3. Booka Shade - Movements - Get Physical
The trancey element of which I speak is on full display on this BRILLIANT album from Frankfurt's Booka Shade. Don't misread me, this is not a trance record, but it IS an exploration of the same repetitive tendencies, re-shaped around nearly every genre in the book, from funky breaks to hard techno. Walter Merziger and Arno Kammermeier have truly embraced what it means to be 'progressive' without any of the pitfalls of being labelled a 'progressive' act.

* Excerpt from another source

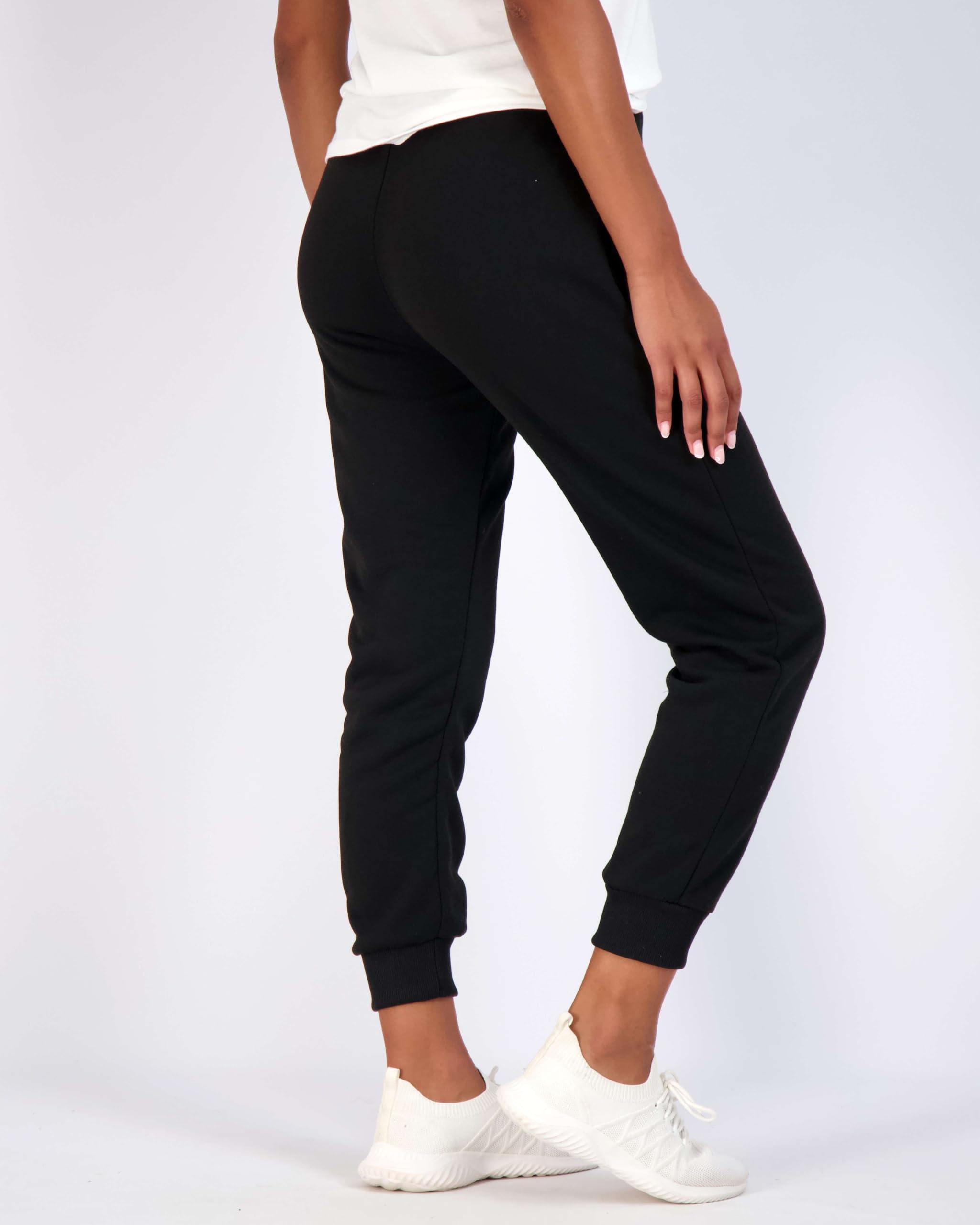 Real Essentials Lot de 3 Pantalons de Jogging en Polaire pour Femme, Coupe décontractée, athlétisme décontracté (Grandes Tailles Disponibles)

It means, evolving & growing & changing & moving FORWARD. 'Future thinking' is what I like to call it. Booka is doing plenty of just that. "Body Language" might be the best track on the disc, with it's half-step break just one beat behind it's housier side. It's...lovely, is what it is.
2. Spank Rock - YoYoYoYo - Big Dada
Dirty. Sexy. Hard. Funky. Booty-shaking. Funny? Yes, funny. Those are all perfect words to describe this stunning debut from B-More's finest. Not only does it contain one of the best lyrics of the year ("behind my gameboy/I got game, girl"), but the beats are so ridiculously tight that I almost FEAR watching XXXChange and MC Spank Rock evolve as musicians, for fear that they'll blow everyone else out of the water, raising the bar while at the same time heightening the standard so that all the crap rises to the middle (post-OK Computer brit rock, anyone?). Whatever, I got my dancin' tunes for now.
1. Hot Chip - The Warning - DFA/Astralwerks
There was simply no better record released this year than Hot Chip's The Warning; an almost flawless album from start to finish, they have captured what it means to make ORIGINAL music, by definition. Having had the luck to see them twice this year, in both a supporting (w/ Stereolab) and headlining (w/ GangGang Dance) capacity, it was amazing to see how much they've matured as performers, taking risks and challenging themselves to BE BETTER than they already are. Sing it with me now, "Hot Chip will break your legs/snap off your head/Hot Chip will put you down/into the ground". Brilliant. This is the pinnacle of the sensitive stuff I was on about earlier - thoughtful, intelligent music made by and for booties and brains alike. I can't wait to hear what they'll come up with next.
Compilations/DJ mixes, in no order:
-DFA Remixes Volume 2
-Four Tet: DJ kicks
-Cut Copy: FabricLive28
-Dubstep Allstars Volume 4 (DJs Youngsta & Hatcha)
And that's it. For now. The rest is yet to come.
3 Comments:
awesome list, plenty of stuff i haven't heard that i'm interested in checking out now
that Clipse album came out too late to make the list perhaps? speaking of hip hop, no mention of Ghost? also the indie front - blood brothers, cursive? ...tv on the radio.....?
i guess there's only so much space in a top 30. pitchfork'll have those ones covered i bet
k i'm an idiot haha electro stuff first, other shit later
i really dug that Para One album and Walter Meego's pretty interesting
Copy! Audio Dregs is such a fantastic label, but it's been ignored for so long...
What did you think of that Tussle album, Eli?